I just got back from visiting Manhattan, seeing two shows I've longed to see for what seems like ages. One was 'Wicked,' the beautiful musical mounted on Gregory McGuire's story of 'The Wicked Witch of the West.'
One was 'Jersey Boys.' Aside from being terrific and funny and beautifully acted, it astounded me all over again at just what set designers can do with a little scaffolding, some lights, a table (the same table, used as a kitchen table, a Mob boss' negotiation site and a nightclub settee) and a couple of different '60s styles suits.
When I was about the age my daughter is now, ten, I discovered the radio. And at that time, Frankie Valli and The Four Seasons were still phenomenally popular. The Beatles had yet to arrive on our shores; and so I did my fifth-grade homework listening to 'Sherry' and ' Walk Like A Man.' Hearing John Lloyd Young sing those songs -- not in a falsetto, as Frankie Valli did, but in what amounts to a gorgeous counter-tenor voice -- brought me back to the glass-topped kitchen table, where the old pink Bakelite radio played.
AM was FM then. FM radio featured long-winded (to us) talk and long-hair music.
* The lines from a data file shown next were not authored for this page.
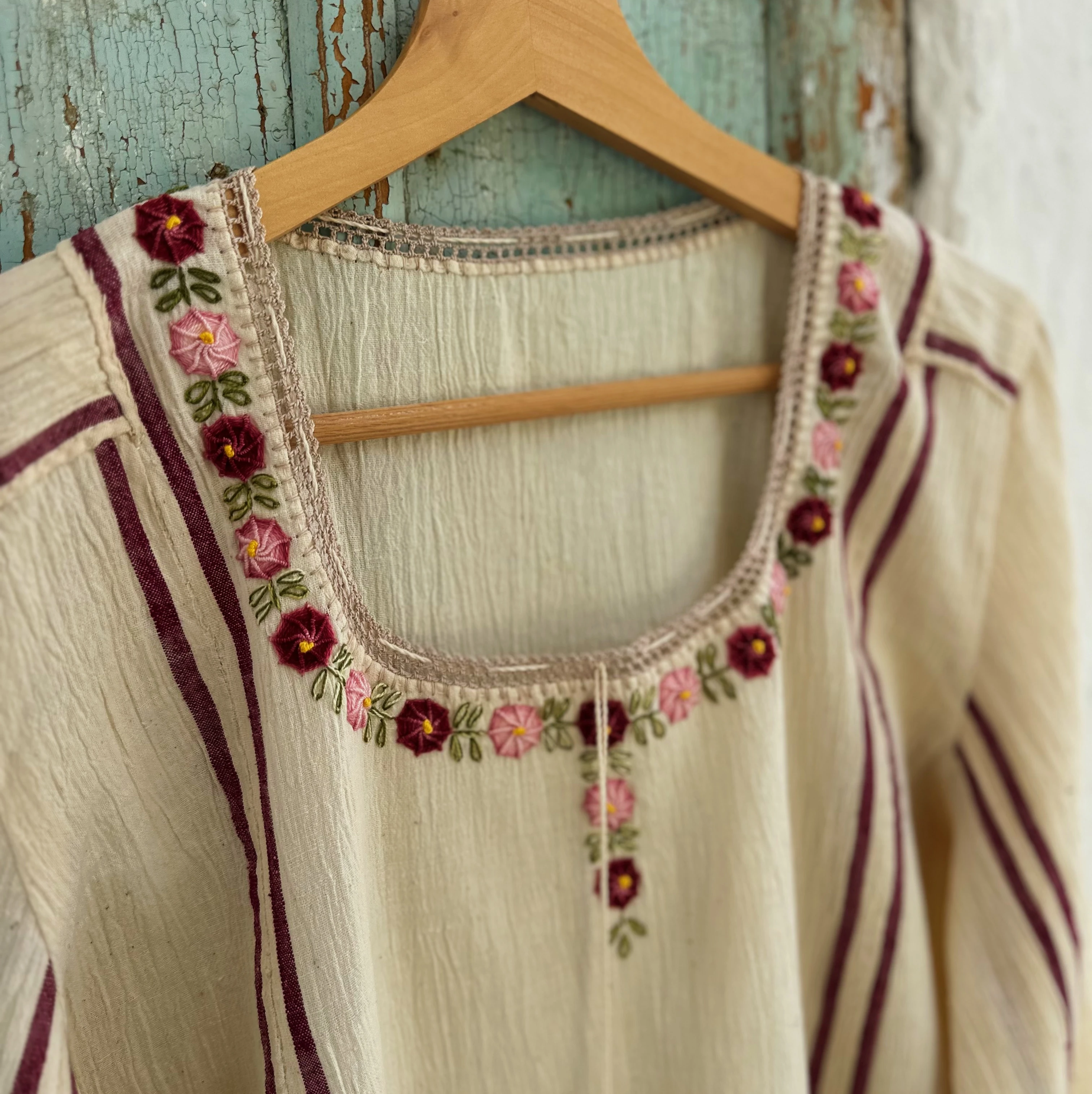 Fuşya Çiçekli Göynek (42 Beden)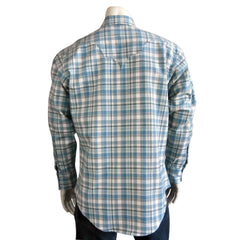 Rockmount Clothing Mens Plush Flannel Dusty Blue Plaid Western Shirt - Flyclothing LLC
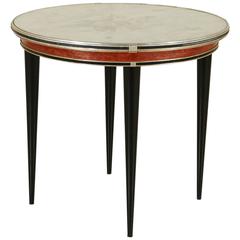 Table Wooden Top Glass Lacquered Wood Aluminium Vintage, Italy, 1950s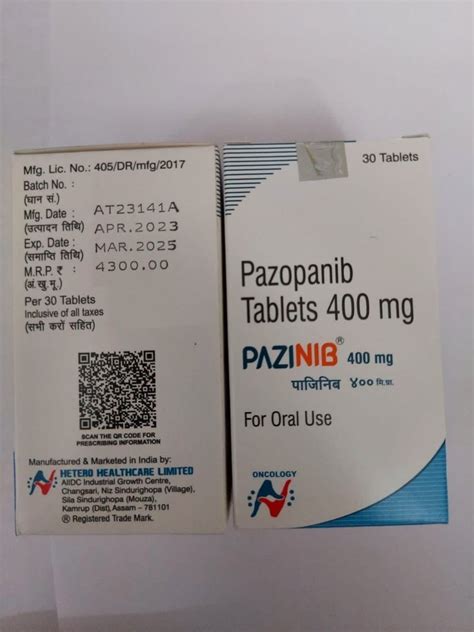 Pazinib Pazopanib Tablets Mg At Rs Bottle Bhoslewadi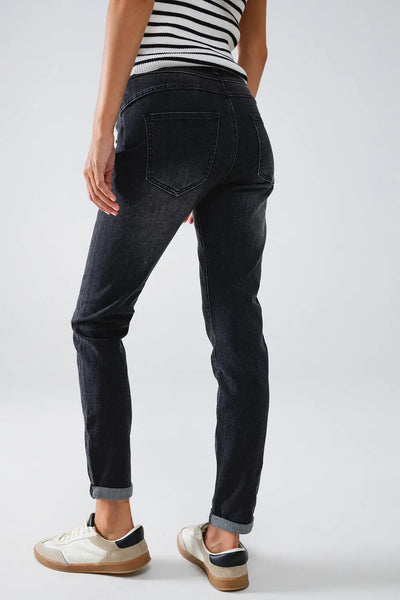 Black Skinny Jeans WIth Rhinestones - Jeans
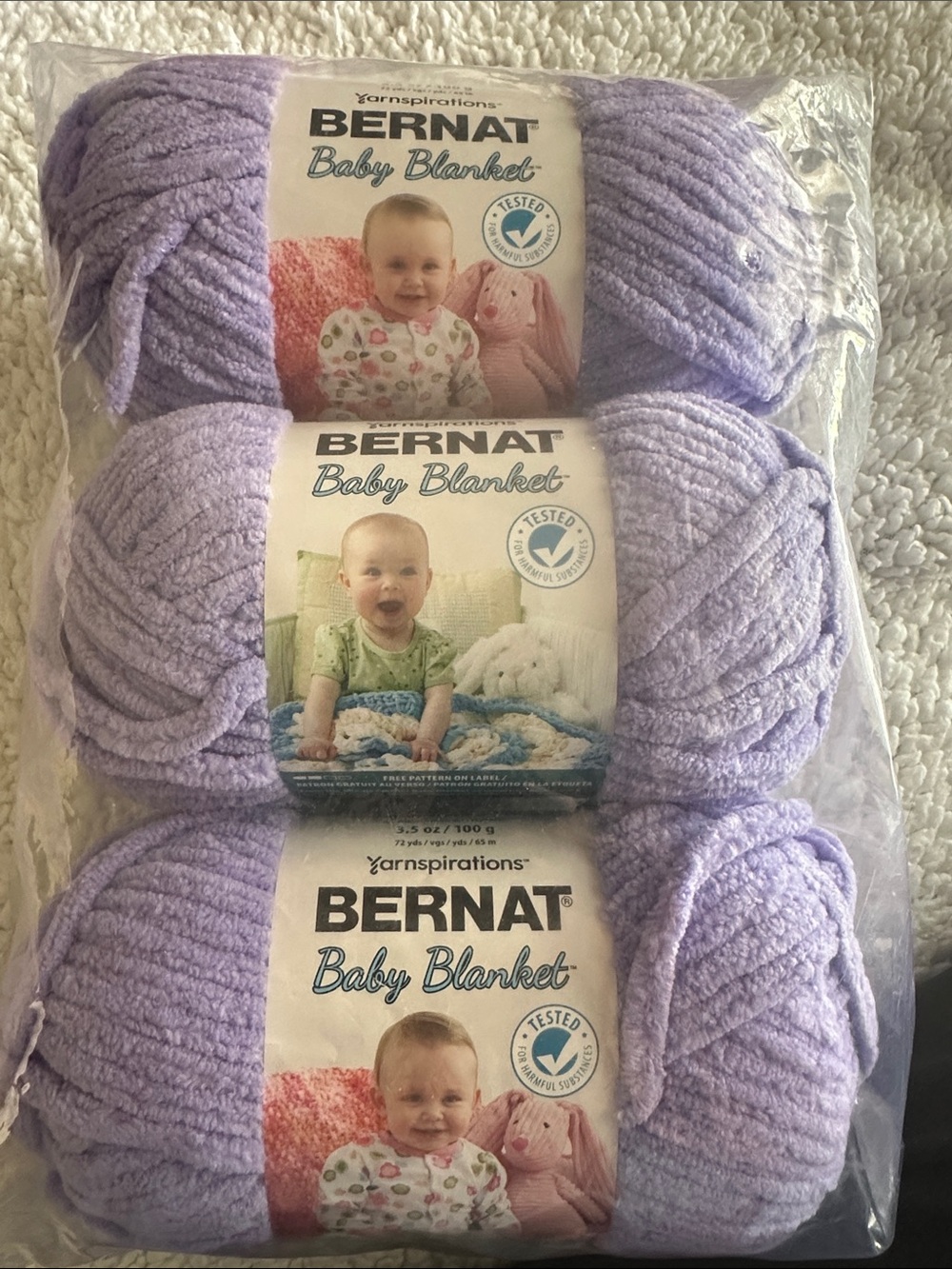 Bernat Baby Blanket Yarn - Lavender Soft Plush (3 Pack)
The radio stations "to hear" in Chicago were WCFL (the call letteres meant 'Chicago Federation of Labor') and WLS ('World's Largest Store,' at that time, Sears). Kids listened to WLS as far away as Thunder Bay, Ontario.
When I was older, a high school junior going on dates in the '70s with all my friends, we had signals. Two fingers held up to the person in the next car meant, "Switch to CFL." Three meant that the good song was on WLS. And the good song often was 'Big Girls Don't Cry' or 'Rag Doll.'
My son and his girlfriend now listen to The Four Seasons. They're astonished that I know all the words. But I don't have to read very far to touch those summer nights on the west side of Chicago when my boyrfriend came over dressed in gray dress pants and a Ban-Lon shirt, much prettier than I would ever be -- driving his grandfather's green El Dorado -- the radio on full blast.
I don't know that I live very much in the past; but sometimes it seems that we don't really ever get much older than sixteen in our hearts and souls and the beat that forces us to get up and dance.
Not all the people in the audience at 'Jersey Boys' were pushing 50. But Suzie Orman, the financial writer, was behind me, on her feet and dancing, and so were two girls in the row in front, who couldn't have been more than twelve.
Some music lasts forever. And this music, with its impeccable beat and stylish harmonics, is just this side of a Country-Western song for sheer raw yearning.
And I guess that', if anything, is what I miss most about being young. Yearning has an electricity that dims as we get older. Perhaps there's less, if we're lucky, to yearn for. Perhaps we lost the knack among our many exigencies.
But that night in the audience, I remembered the sight and sound and feel of it. And it amazed me with its power.